What the exercise asks: Each record is to be written out exactly as it appears.
--- Information given ---
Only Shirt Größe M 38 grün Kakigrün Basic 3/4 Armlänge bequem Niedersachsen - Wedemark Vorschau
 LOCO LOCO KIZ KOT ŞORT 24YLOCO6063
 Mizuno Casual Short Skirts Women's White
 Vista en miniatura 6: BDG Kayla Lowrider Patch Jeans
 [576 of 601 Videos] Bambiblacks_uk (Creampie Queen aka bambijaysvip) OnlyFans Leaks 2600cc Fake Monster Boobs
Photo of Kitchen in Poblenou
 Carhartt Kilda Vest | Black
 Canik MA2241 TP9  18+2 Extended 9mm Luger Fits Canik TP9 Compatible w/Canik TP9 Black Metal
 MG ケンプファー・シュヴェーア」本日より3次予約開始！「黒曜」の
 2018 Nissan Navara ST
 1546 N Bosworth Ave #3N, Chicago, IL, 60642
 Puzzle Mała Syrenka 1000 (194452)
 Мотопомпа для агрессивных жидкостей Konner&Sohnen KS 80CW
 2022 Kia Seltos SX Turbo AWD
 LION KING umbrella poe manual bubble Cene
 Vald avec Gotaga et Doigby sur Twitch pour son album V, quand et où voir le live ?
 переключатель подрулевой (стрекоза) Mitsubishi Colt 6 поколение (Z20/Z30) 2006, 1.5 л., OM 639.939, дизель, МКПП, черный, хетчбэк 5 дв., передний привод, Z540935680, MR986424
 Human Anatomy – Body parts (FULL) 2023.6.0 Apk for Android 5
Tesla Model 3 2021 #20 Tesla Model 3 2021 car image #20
---
Answer box:
Only Shirt Größe M 38 grün Kakigrün Basic 3/4 Armlänge bequem Niedersachsen - Wedemark Vorschau
 LOCO LOCO KIZ KOT ŞORT 24YLOCO6063
 Mizuno Casual Short Skirts Women's White
 Vista en miniatura 6: BDG Kayla Lowrider Patch Jeans
 [576 of 601 Videos] Bambiblacks_uk (Creampie Queen aka bambijaysvip) OnlyFans Leaks 2600cc Fake Monster Boobs
Photo of Kitchen in Poblenou
 Carhartt Kilda Vest | Black
 Canik MA2241 TP9  18+2 Extended 9mm Luger Fits Canik TP9 Compatible w/Canik TP9 Black Metal
 MG ケンプファー・シュヴェーア」本日より3次予約開始！「黒曜」の
 2018 Nissan Navara ST
 1546 N Bosworth Ave #3N, Chicago, IL, 60642
 Puzzle Mała Syrenka 1000 (194452)
 Мотопомпа для агрессивных жидкостей Konner&Sohnen KS 80CW
 2022 Kia Seltos SX Turbo AWD
 LION KING umbrella poe manual bubble Cene
 Vald avec Gotaga et Doigby sur Twitch pour son album V, quand et où voir le live ?
 переключатель подрулевой (стрекоза) Mitsubishi Colt 6 поколение (Z20/Z30) 2006, 1.5 л., OM 639.939, дизель, МКПП, черный, хетчбэк 5 дв., передний привод, Z540935680, MR986424
 Human Anatomy – Body parts (FULL) 2023.6.0 Apk for Android 5
Tesla Model 3 2021 #20 Tesla Model 3 2021 car image #20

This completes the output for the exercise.